Alternativly, remove the wood and allow it to dry out for a few days, then place this back in. It may still grow some mould in humid tanks, but once it becomes used to the viv conditions this will naturally reduce, especially is sprintails are added. 

jay


----------



## OrigamiB (Feb 19, 2008)

If you increase the ventilation you will have less of a mould problem, try using computer fans to aid air circulation


----------



## BenjyCJ (Apr 15, 2011)

Thanks for all the tips! I currently have repti-carpet and fake plants, does this mean I should steer clear of creepy crawlies? I will be upgrading the substrate to something a bit meatier when my crestie is a bit bigger. I think for now I will clean and dry out the wood properly, then apply some yacht varnish and see how that goes. If it fails I will more onto something else.

Thanks again!


----------



## chapmand (Feb 3, 2011)

when i had the corn snakes they had wooden branches to climb on and everytime i cleaned the viv out i used to scrub everything inside with warm water. Anything that was wood i used to either pop it above the radiator or below it and leave it till it was completely dry. Even if it looked dry id just give it that extra bit of time incase the wood ever absorbed the water and it was moist inside this worked for me and i never had mould. Hope this helps


----------



## BenjyCJ (Apr 15, 2011)

Cheers, sounds like a good idea! Fortunately the piece of wood I have is small enough to fit in the oven, so I will just dry it out in there for an hour or 2 on a low heat!


----------



## OrigamiB (Feb 19, 2008)

Your wood will always eventually get mold, even with yacht varnish... its just a matter of time really. vivariums are the perfect place for it.

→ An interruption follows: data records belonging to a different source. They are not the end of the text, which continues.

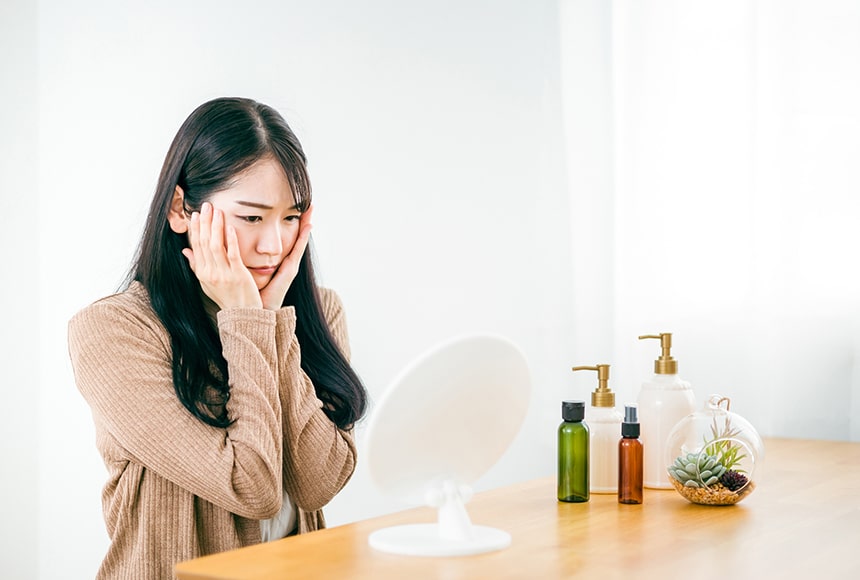 
          
            肌荒れの時の化粧水は？再び肌トラブルで悩まないお手入れ方法とは
          
        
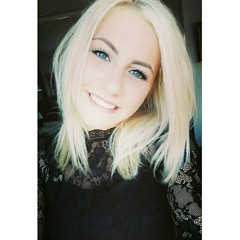 Fabienne van der Laag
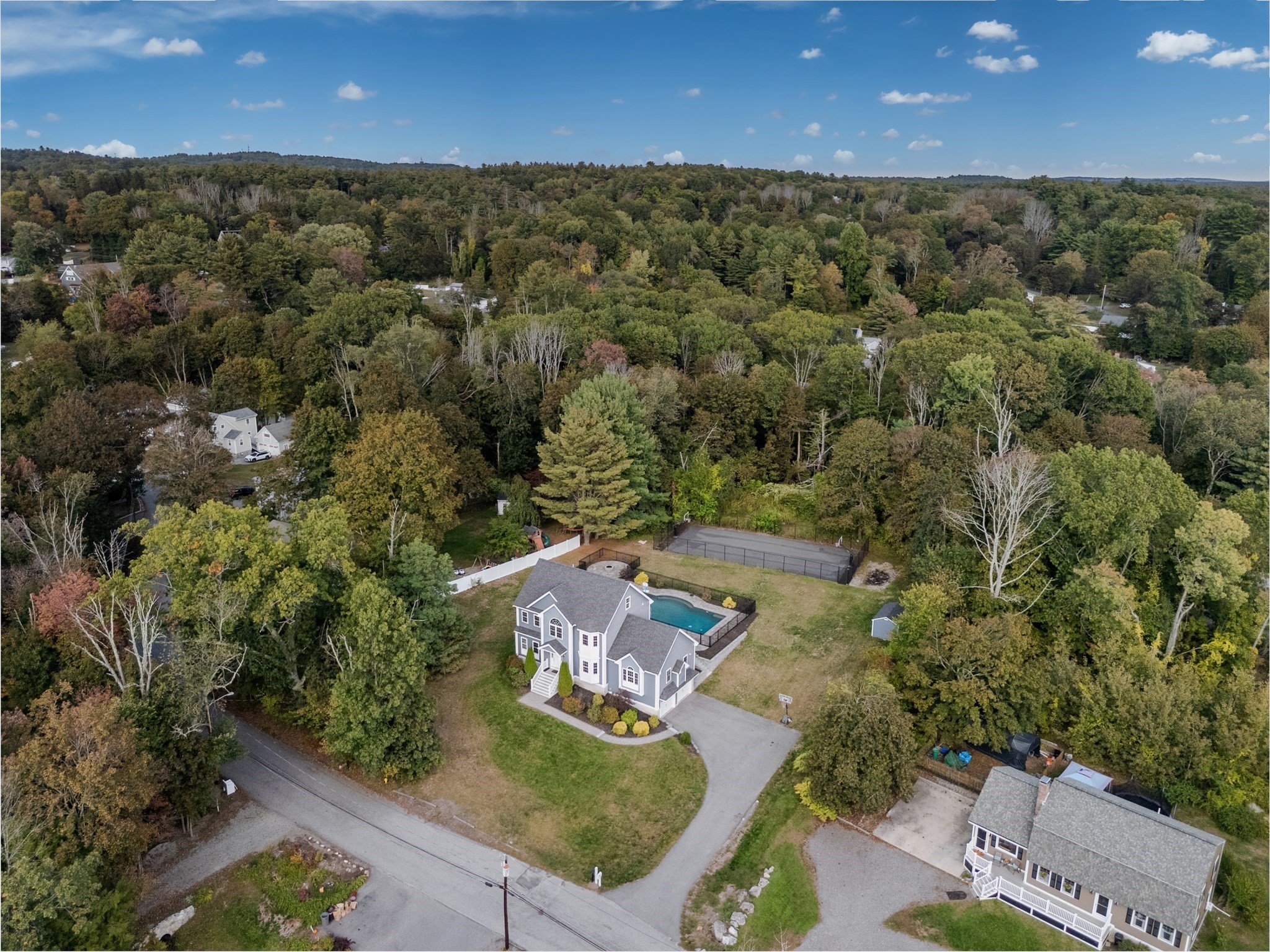 18 Boston Rd, Andover, MA 01810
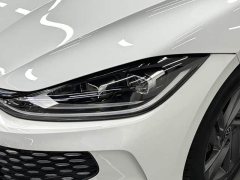 Volkswagen Lingdu L 280TSI DSG Dazzling Red Edition - ფოტო 19
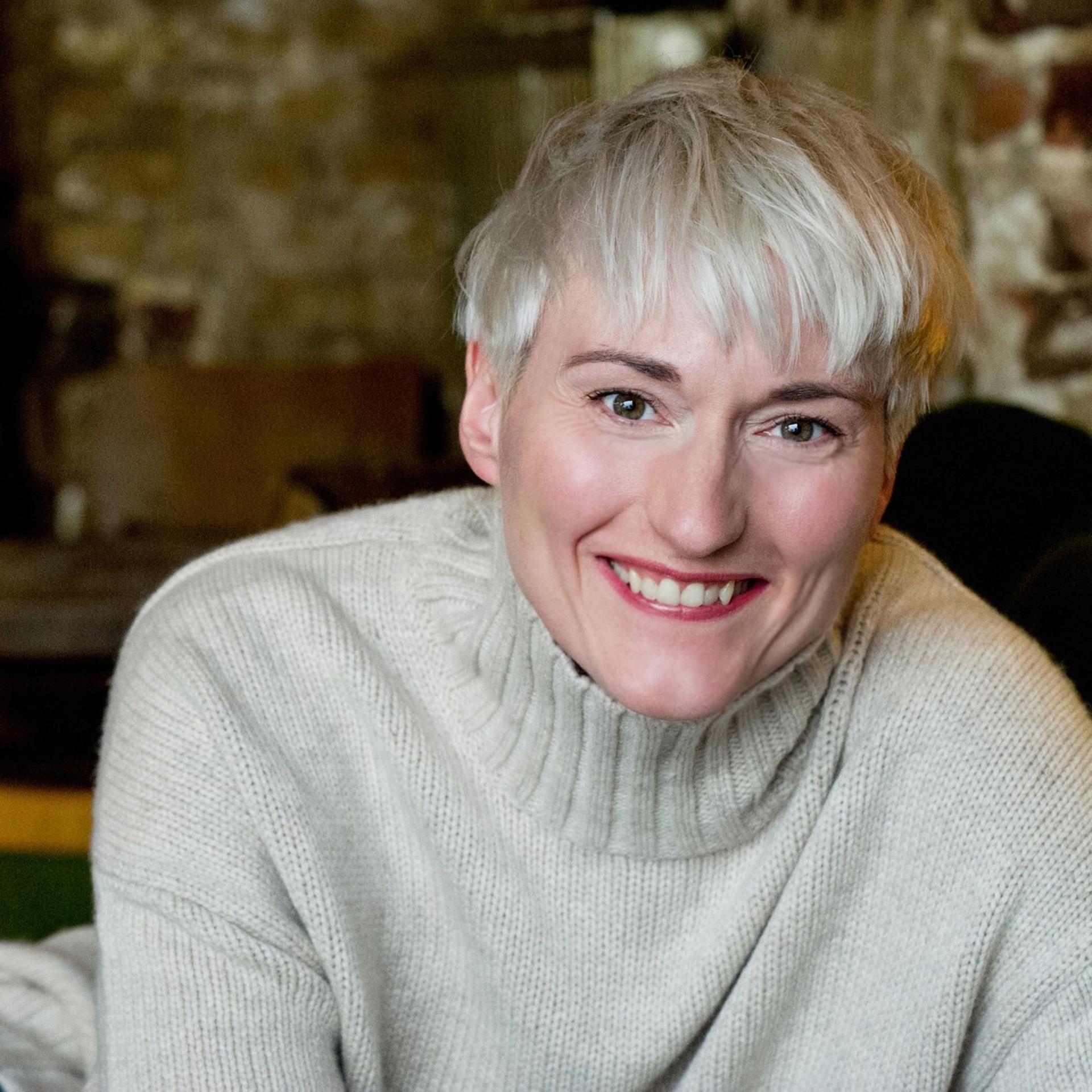 Karola Oswald - Von der Kripo vor die Kamera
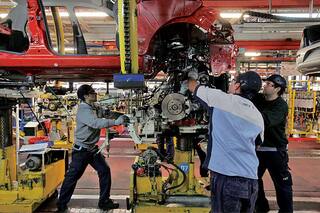 Autos. Por la menor demanda, siguen las suspensiones en las terminales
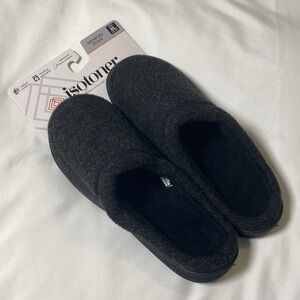 NWT Isotoner Men’s Indoor/Outdoor Memory Foam Slippers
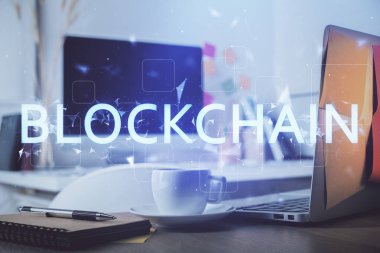 Engelleme zincirine ve kripto ekonomi temalı holograma ve bilgisayar arkaplanlı masaya çoklu maruz kalma. Bitcoin kripto para kavramı.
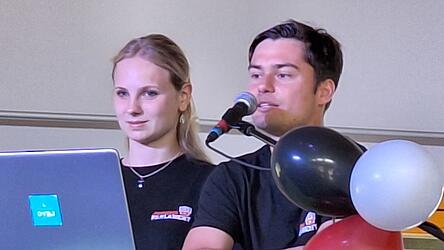 Die JUP-Vorsitzenden Johanna Bauer und Luis Hobmeier begrüßten die Gäste der im Jugendhaus.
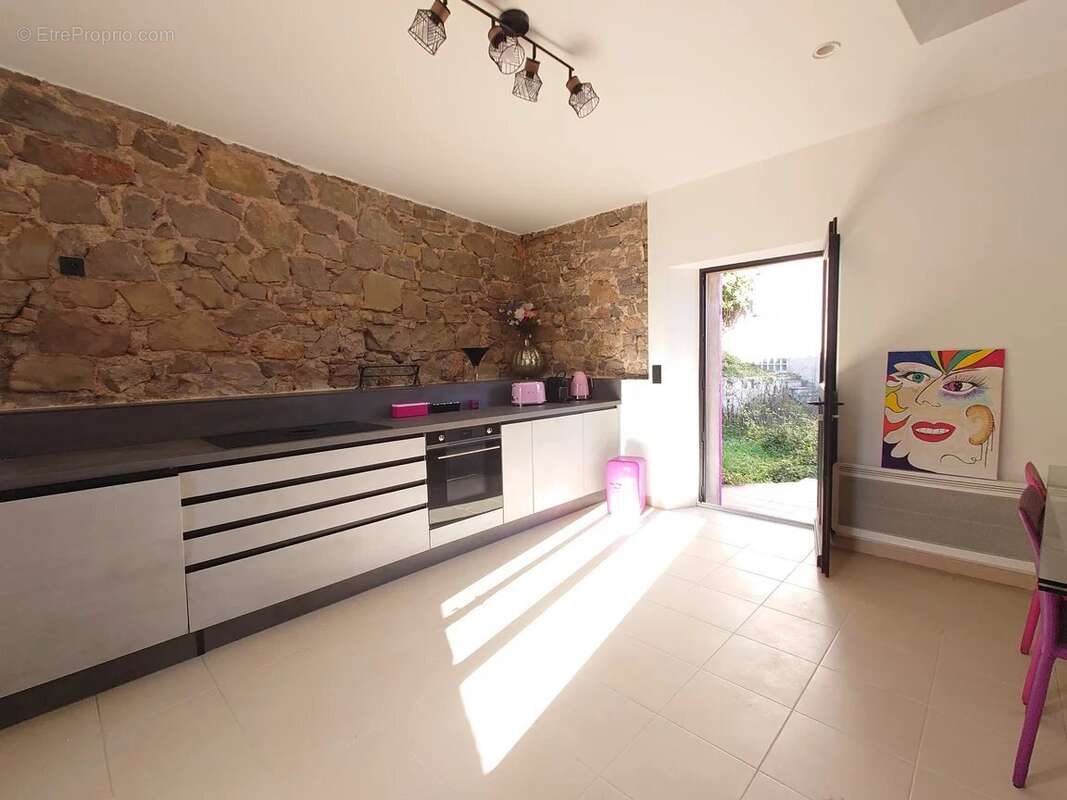 Propriété d'exception 273m² - 5 pièces + dépendances - 1,5ha - Trans-en-Provence - photo 9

Drying out the wood as much as possible and your type of wood will also make a difference I find. Grape wood is quite bad for getting mold and but bog wood seems to last longer

When I went for the totaly sterile set ups I used to soak my wood with disinfectant and leave it to fully dry for about a week. These days I just use bioactive soils and any molds that appear are gone pretty quickly


----------



## Spikebrit (Oct 23, 2006)

BenjyCJ said:


> Cheers, sounds like a good idea! Fortunately the piece of wood I have is small enough to fit in the oven, so I will just dry it out in there for an hour or 2 on a low heat!



That sounds the best way with your set up, you may still get mould, but when you clean him just give it a scrubs and let it dry again, it wont do any harm.

Jay


----------